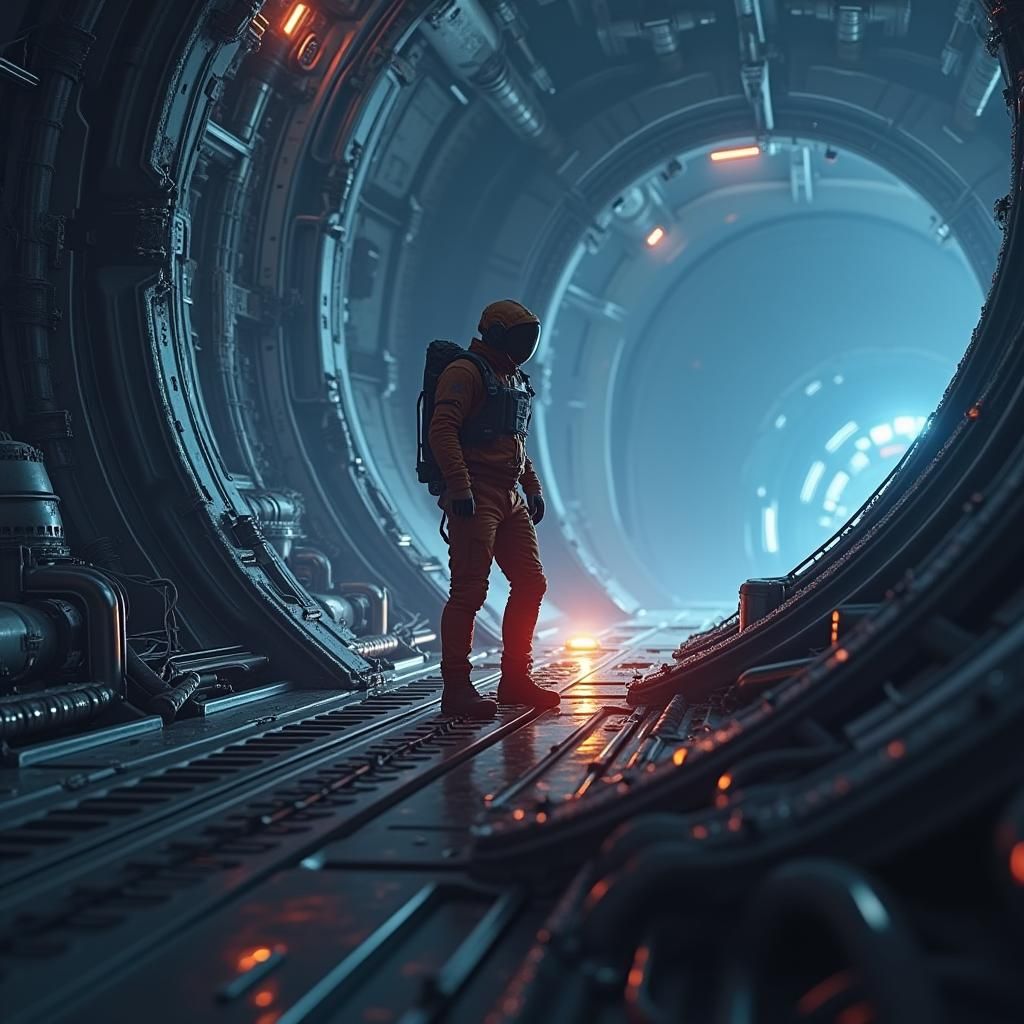 Among Us Crewmate in Sci-Fi Spacecraft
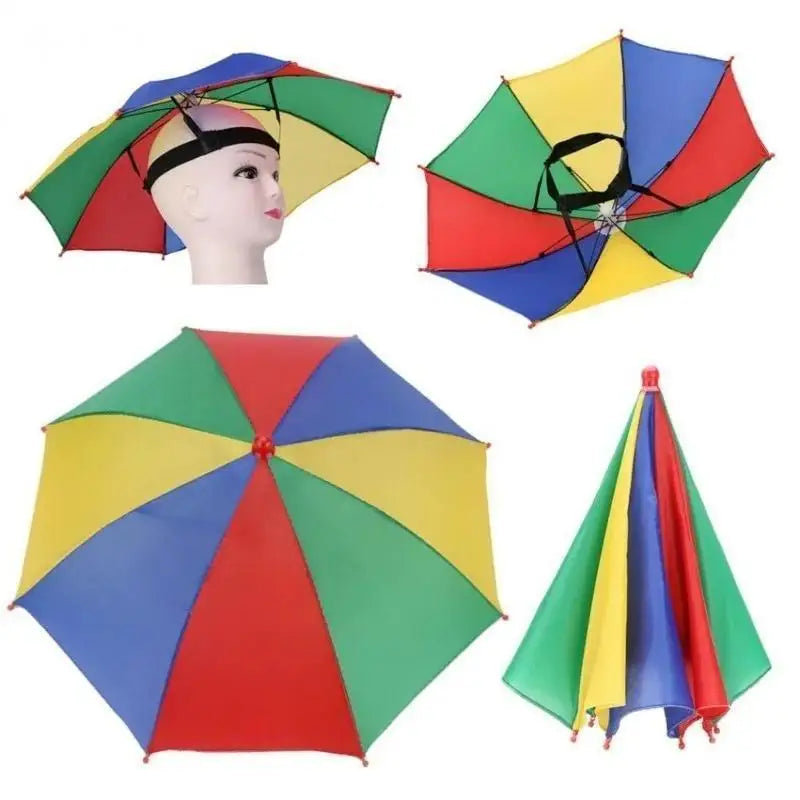 Foldable Rainbow Sunshade Umbrella Hat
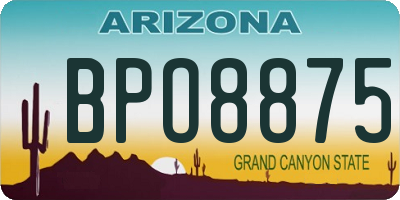 AZ license plate BPO8875
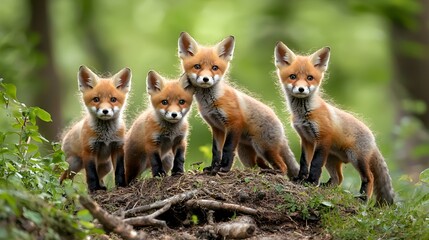 Wall Mural - Red fox Vulpes vulpes with small young cubs near den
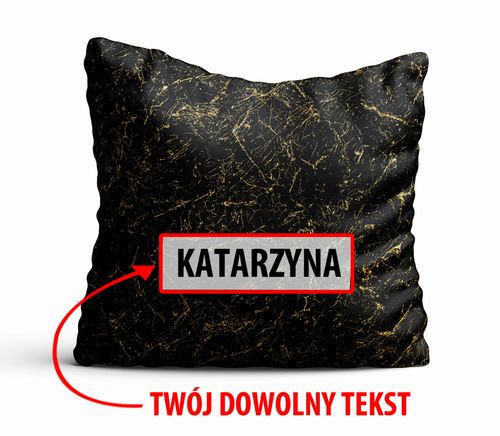 Poduszka Dekoracyjna MARMUR  z Twoim napisem M17 na Arena.pl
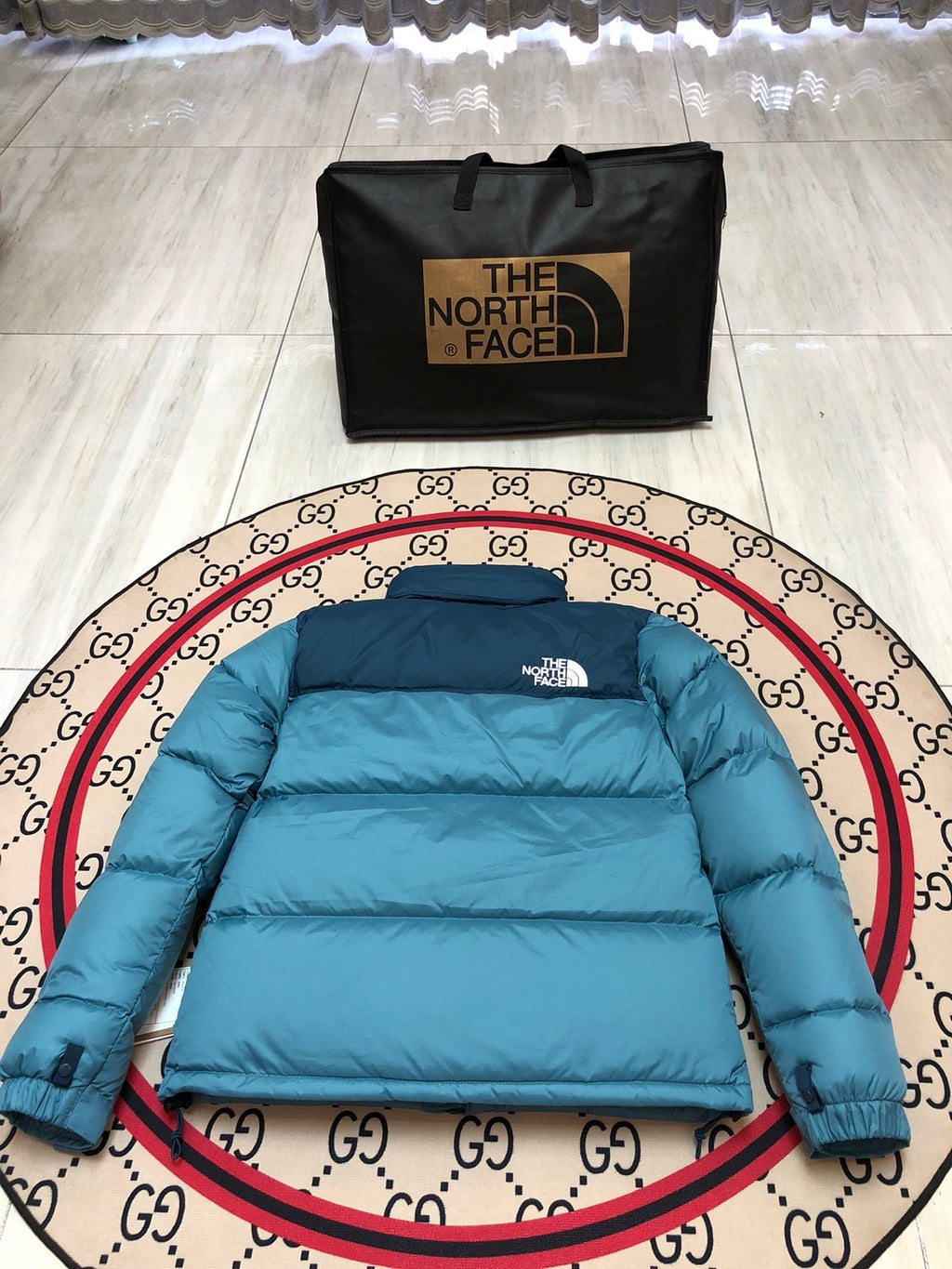 The North Face Teal Blue 1996 Retro Nuptse Down Jacket 700 Fill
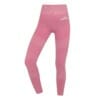 FFX Seamless Damen Sport Leggings Superior Fit by FEFLOGX Sportswear, super bequem & mega stylisches Formlinien-Design, Teil des Zweiteiler Damen Sport Set aus Damen Leggings & langarm Croptop, Damen Sport Leggings, Tights Damen, se*y Leggings, Gym Leggings Damen, Yoga Hose, Leggings, Yogahose, Top Fitness Leggings für Freizeit & Sport, Farben: schwarz-grau, rosa, blau, vordere Ansicht der rosanen Leggings mit Formlinien Shape-Style.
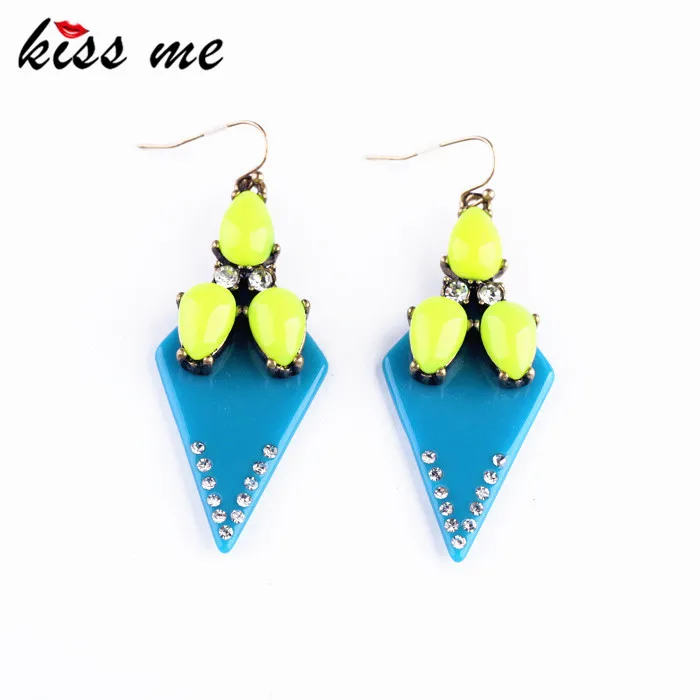 

New Designer 2017 Fashion jewelry Bright Color Resin Triangle Fashion Earrings For Christmas Gifts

## TASK ITEM
Output the line that contains "The North Face" and every line after it to the end of the records, word for word, leaving out the pictures.

## COMPLETED EXERCISE
 The North Face Teal Blue 1996 Retro Nuptse Down Jacket 700 Fill
 FFX Seamless Damen Sport Leggings Superior Fit by FEFLOGX Sportswear, super bequem & mega stylisches Formlinien-Design, Teil des Zweiteiler Damen Sport Set aus Damen Leggings & langarm Croptop, Damen Sport Leggings, Tights Damen, se*y Leggings, Gym Leggings Damen, Yoga Hose, Leggings, Yogahose, Top Fitness Leggings für Freizeit & Sport, Farben: schwarz-grau, rosa, blau, vordere Ansicht der rosanen Leggings mit Formlinien Shape-Style.

New Designer 2017 Fashion jewelry Bright Color Resin Triangle Fashion Earrings For Christmas Gifts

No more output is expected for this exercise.